Thankfully once the second act commences - with the Suicide Squad beginning their action movie mission within Midway City - which is basically an atomic testing town at this point - the prowess of writer and director David Ayer comes into play. Known for work such as Fury, End Of Watch and Training Day, Ayer’s sensibilities when it comes to characters steeped in shades of grey - and making you root for them as they commit horrendous acts - coupled with the natural way in which his ensembles interact with one another whilst overcoming their personal demons, makes him a perfect fit for Suicide Squad as those qualities shine through.

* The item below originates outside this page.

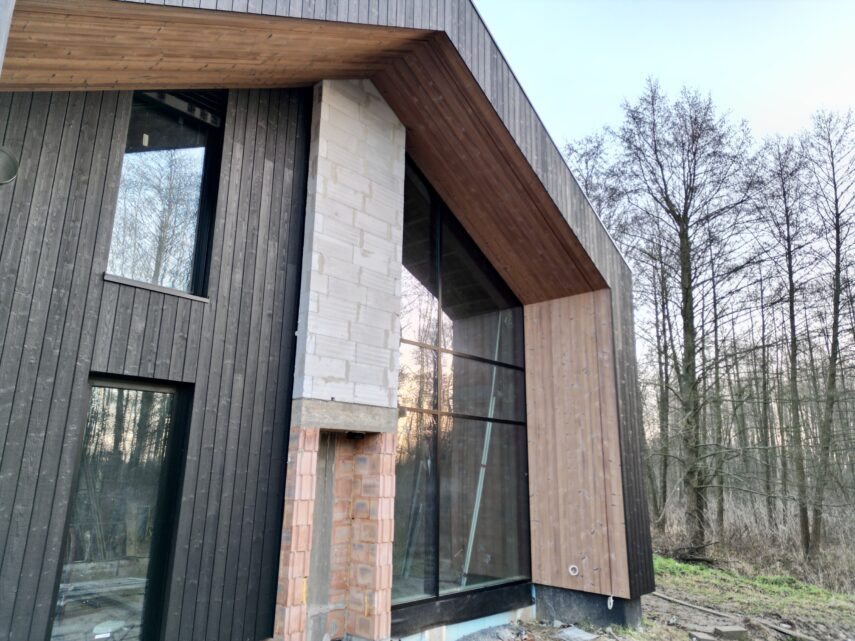 dom stodoła deska opalana na dachu elewacji przejście taras Latzke Pracownia Stolarska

Whilst the movie is indeed full of villains, it’s Will Smith’s character of Deadshot - known for his ability to ‘never miss’ - that is the not only the films morally ambiguous compass, but its heart too. Likewise Margot Robbie perfectly encapsulates Harley Quinn, delivering laughs throughout and nailing the mannerisms the character is known for within the animated series. Unfortunately her clown-in-crime the The Joker - or Puddin’ as she likes to refer to him - doesn’t fare quite as well. Akin to the annoying Team Rocket within the Pokemon cartoon, The Joker will periodically pop-up throughout Suicide Squad and this portrayal of the character is by far the worst - well not including the 60’s Batman show of course. Jared Leto is a fine actor, and it's understandable he would want to differentiate his version of the character away from Ledger and Nicholson, but it comes across as a caricature of the iconic villain, adorned with a body full of tattoos and silver grill, it’s all far too on the nose (no pun intended) invoking a visage of an odd looking nightclub owner rather than the menacing force of nature that all within the world of DC Comics should fear.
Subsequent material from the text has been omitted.